The provision set forth herein shall not effect any claim for damages the Company may have against the Dissociated Member if such Dissociation is in violation of this Agreement. The Company shall have the right to offset any payments due under this Agreement in respect of a Dissociated Member's Interest (whether payable to the Dissociated Member or any successor in interest) by any damages that the Company may incur as a result of the Dissociation of such Member in contravention of this Agreement.

ARTICLE XII - DISSOLUTION AND WINDING-UP

SECTION 12.1. Dissolution.

The Company shall be dissolved and its affairs wound up, upon the first to occur of the following events:

(a) the written consent of a Super Majority in Interest (75% or better) along with at least the Majority of Interest of the Initial Members; or

(b) the entry of a decree of judicial dissolution of the Company under the Delaware Act (or any successor provision).

SECTION 12.2. Notice of Dissolution.

Upon the dissolution of the Company, the Company shall promptly notify the Members of such dissolution.

SECTION 12.3. Distribution of Proceeds Upon Dissolution.
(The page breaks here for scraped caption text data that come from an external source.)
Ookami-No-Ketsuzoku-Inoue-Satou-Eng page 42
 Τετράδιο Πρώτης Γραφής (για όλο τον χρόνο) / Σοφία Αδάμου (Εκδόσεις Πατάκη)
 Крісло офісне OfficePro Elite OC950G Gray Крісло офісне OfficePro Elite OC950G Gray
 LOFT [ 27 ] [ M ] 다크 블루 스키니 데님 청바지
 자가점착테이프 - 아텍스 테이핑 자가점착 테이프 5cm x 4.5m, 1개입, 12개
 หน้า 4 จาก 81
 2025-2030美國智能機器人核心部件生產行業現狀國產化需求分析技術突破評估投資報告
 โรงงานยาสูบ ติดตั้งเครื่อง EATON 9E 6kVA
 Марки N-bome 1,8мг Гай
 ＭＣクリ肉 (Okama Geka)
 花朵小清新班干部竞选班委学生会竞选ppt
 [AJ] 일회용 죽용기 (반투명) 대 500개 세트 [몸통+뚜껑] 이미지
Upon dissolution of the Company, the Board shall immediately commence to wind-up the Company’s affairs. Following such winding up, the assets of the Company shall be distributed:

(a) First, to satisfy debts and obligations of the Company;

(b) Second, to set up any reserves deemed appropriate by the Board;

(c) Third, subject to the rights set forth in any Designation establishing a Preferred Class, among the Members in proportion to the amounts in their Capital Accounts; and

(d) Thereafter, to the extent the amount to be distributed exceeds the aggregate capital accounts of the Members, in proportion to the number of Units held by each Member.

SECTION 12.4. Termination.

The winding-up of the Company shall be completed and the Company shall terminate when (i) all debts, liabilities, and obligations of the Company have been paid and discharged or reasonably adequate provision therefor has been made, (ii) all of the remaining property and assets of the Company have been distributed to the Members in accordance with this Article, and (iii) a certificate of dissolution shall be delivered to the Secretary of State of the State of Delaware in the manner required by the Delaware Act.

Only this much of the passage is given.